:: Available data ::
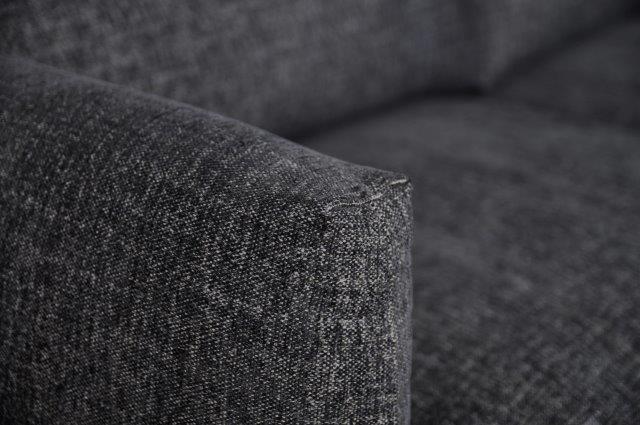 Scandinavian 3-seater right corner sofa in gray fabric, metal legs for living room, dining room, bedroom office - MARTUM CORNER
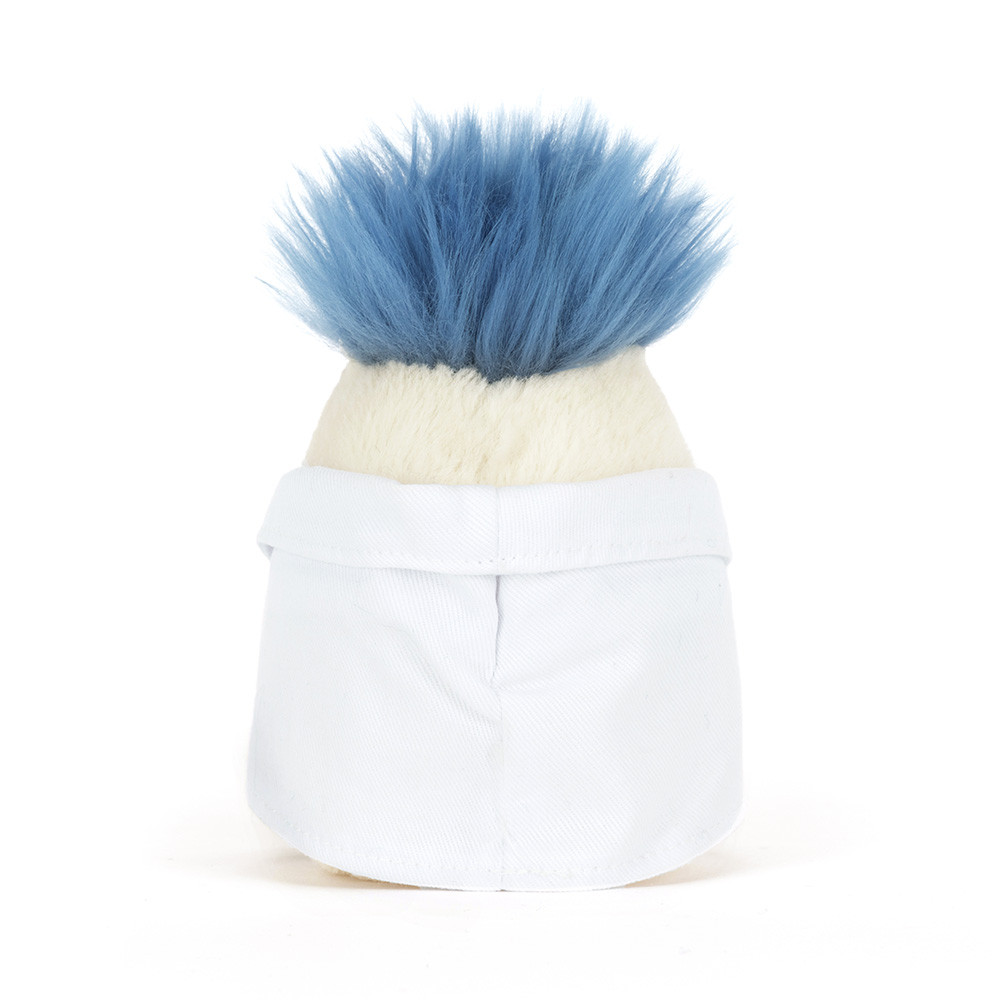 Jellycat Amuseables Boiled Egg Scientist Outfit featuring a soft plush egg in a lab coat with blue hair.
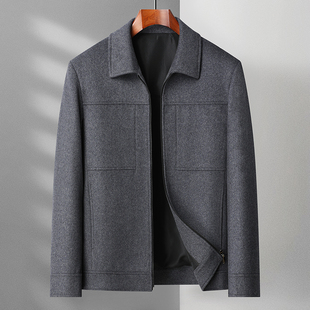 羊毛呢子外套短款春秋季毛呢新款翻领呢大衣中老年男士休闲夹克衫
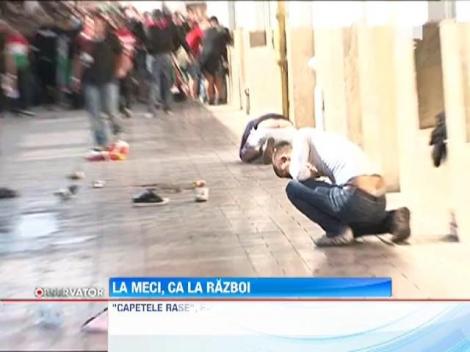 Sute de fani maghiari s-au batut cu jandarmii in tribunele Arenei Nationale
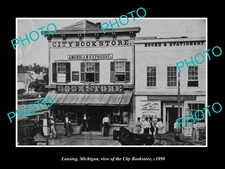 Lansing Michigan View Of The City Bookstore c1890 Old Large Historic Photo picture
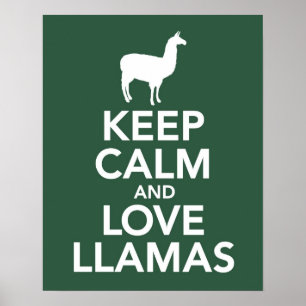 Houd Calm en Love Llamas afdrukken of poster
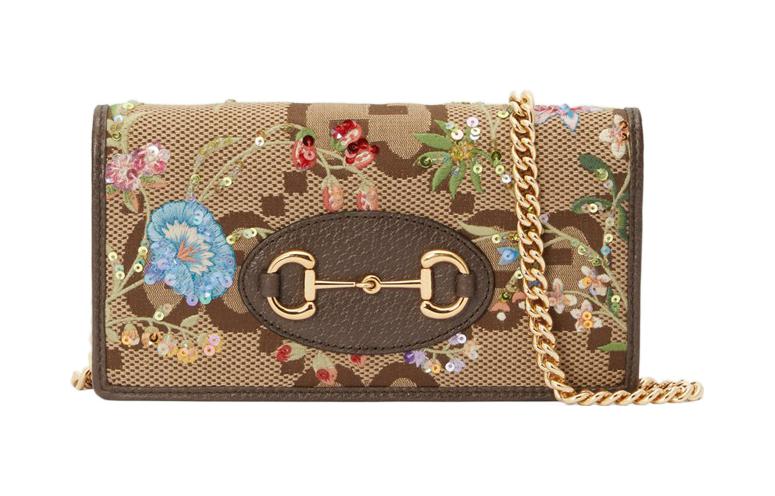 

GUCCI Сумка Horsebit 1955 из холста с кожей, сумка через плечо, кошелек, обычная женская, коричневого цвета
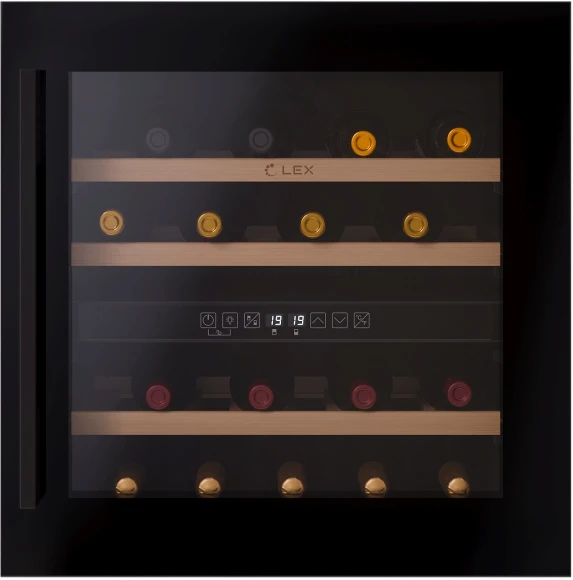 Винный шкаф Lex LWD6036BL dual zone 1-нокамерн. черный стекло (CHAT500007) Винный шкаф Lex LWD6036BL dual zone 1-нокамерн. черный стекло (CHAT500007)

:: Work instructions ::
Could you repeat exactly the lines from the one containing "Lansing Michigan View" through the last line of the records, both included, without the pictures?

:: Output below ::
 Lansing Michigan View Of The City Bookstore c1890 Old Large Historic Photo picture
 Houd Calm en Love Llamas afdrukken of poster

GUCCI Сумка Horsebit 1955 из холста с кожей, сумка через плечо, кошелек, обычная женская, коричневого цвета
 Винный шкаф Lex LWD6036BL dual zone 1-нокамерн. черный стекло (CHAT500007) Винный шкаф Lex LWD6036BL dual zone 1-нокамерн. черный стекло (CHAT500007)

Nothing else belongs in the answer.